Because the Wolverines have had chances like this before. This isn’t the first time that they have seemingly been trending in the right direction. Just a little over a month ago, they rattled off two wins in a row — their lone road win of the season at Nebraska and their only strong non-conference win against San Diego State — only to have the curtain pulled in an embarrassing home loss to Minnesota.

Will it be any different this time?

Well for starters, Michigan is coming off of just one win — against Maryland — and a “non-losing experience” — at Illinois — according to associate head coach Phil Martelli. And, those games did feel a bit different for the Wolverines. It was something tangible, something more than just simply their outside shots at last falling. It was diving for loose balls, it was fewer defensive breakdowns and it was generally just more optimism.

“I just think our intensity, our level of play has gone up,” assistant coach Howard Eisley said. “We’re more active with our hand defensively, we’re getting more deflections. We really are taking an individual challenge of guarding one on one.”

Intensity and defense typically are things that travel. They can keep a team afloat, even when shots aren’t falling. It’s what kept Michigan in the game against the Illini on Jan. 14.

In the Wolverines’ loss to the Golden Gophers on Dec. 11, they got out-hustled, outplayed and plain beat. They were flat. Games are decided by more than hustle and intensity but, if it’s obvious that the other team wants it more, that makes a difference. 

If Michigan continues its recent trend of playing with intensity, especially on defense, then at the very least coming out flat, like it has done so many times this season, won’t be the problem.

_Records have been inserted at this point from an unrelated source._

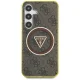 Guess 4G Glitter Triangle Buttons MagSafe vāciņš Samsung Galaxy S25, Brūns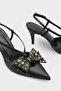 Nancie Mid-Heeled Metal Studded Bow Open-Back Women's Shoes - 5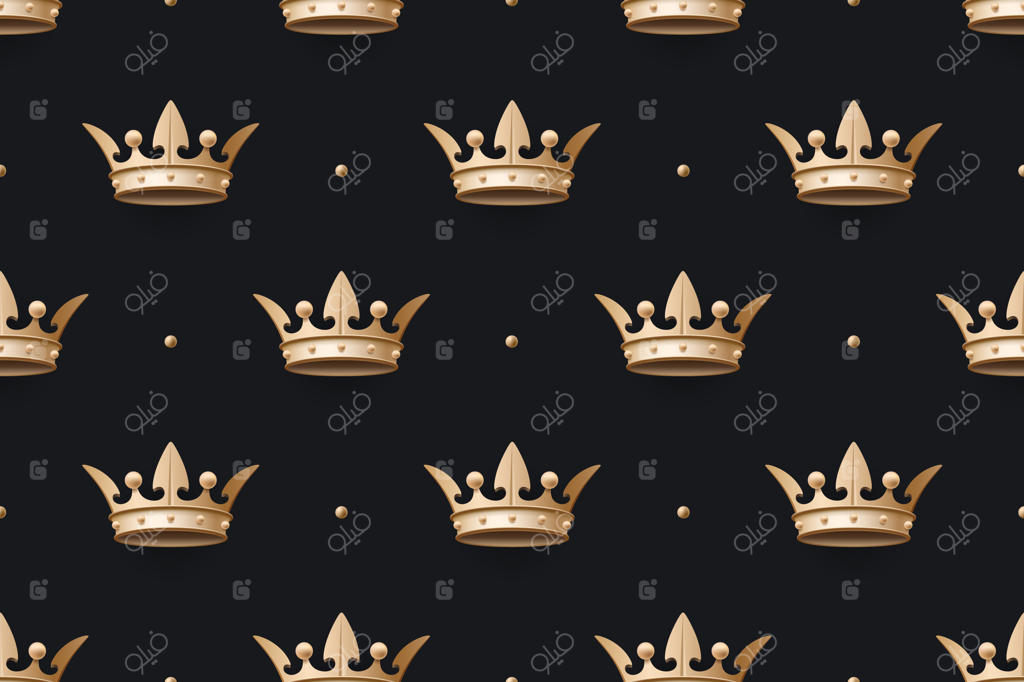 الگوی بدون درز تاج طلایی پادشاه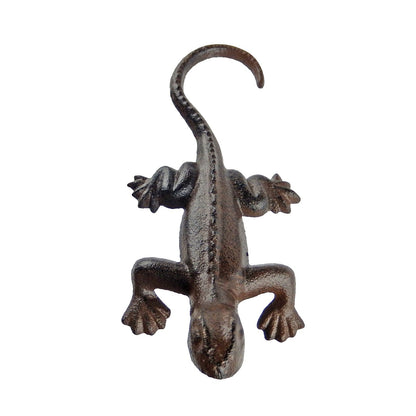 Cast Iron Lizard Gecko Figurine Shelf Sitter Pond Garden Yard Decor Paperweight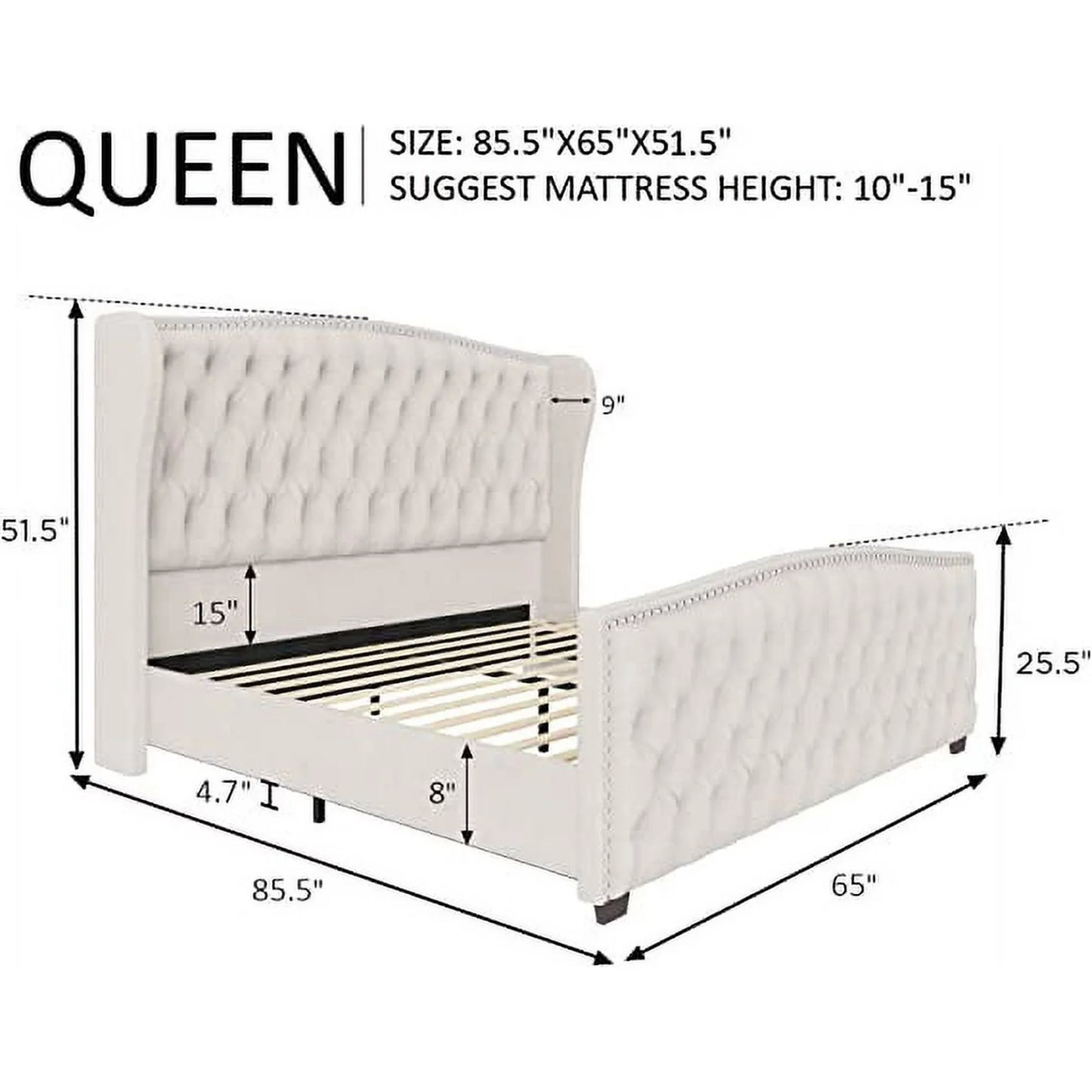 Queen Size Platform Bed Frame, Velvet Upholstered Bed with Deep Button Tufted & Nailhead Trim Wingback Headboard/No Box Spring Needed/Cream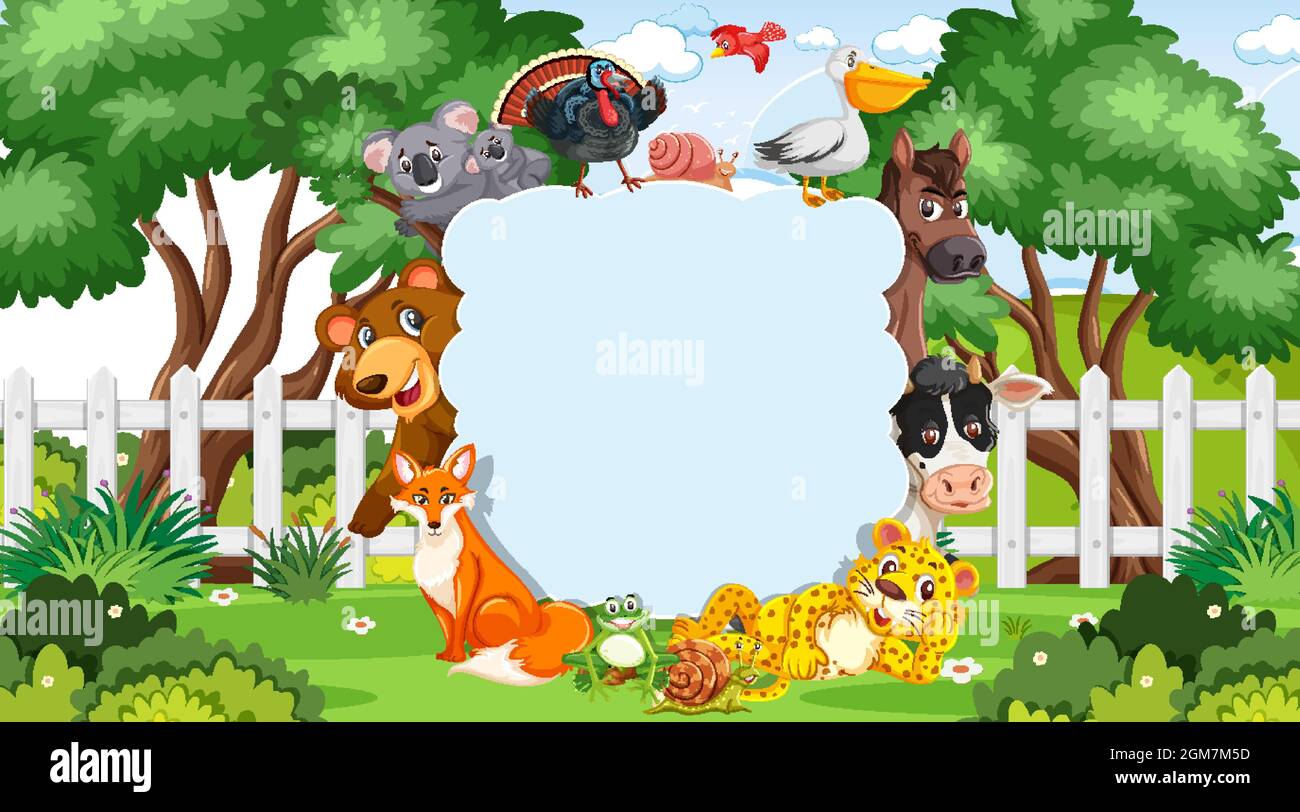 Empty banner with various wild animals in the park illustration Stock ...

But, that would require the Wolverines to do something that they haven’t demonstrated yet. To keep momentum up.

When asked about how they can build on their recent success, Houstan struck a similar tune to Eisley:

“I think just continuing with the intensity on defense, I think it really starts there,” he said. “Our offense can kinda stem from that, just making sure we’re communicating… Just staying intense on defense, communicating, and then just playing free on offense and letting the game come to you. 

“And, I think we’ll be good.”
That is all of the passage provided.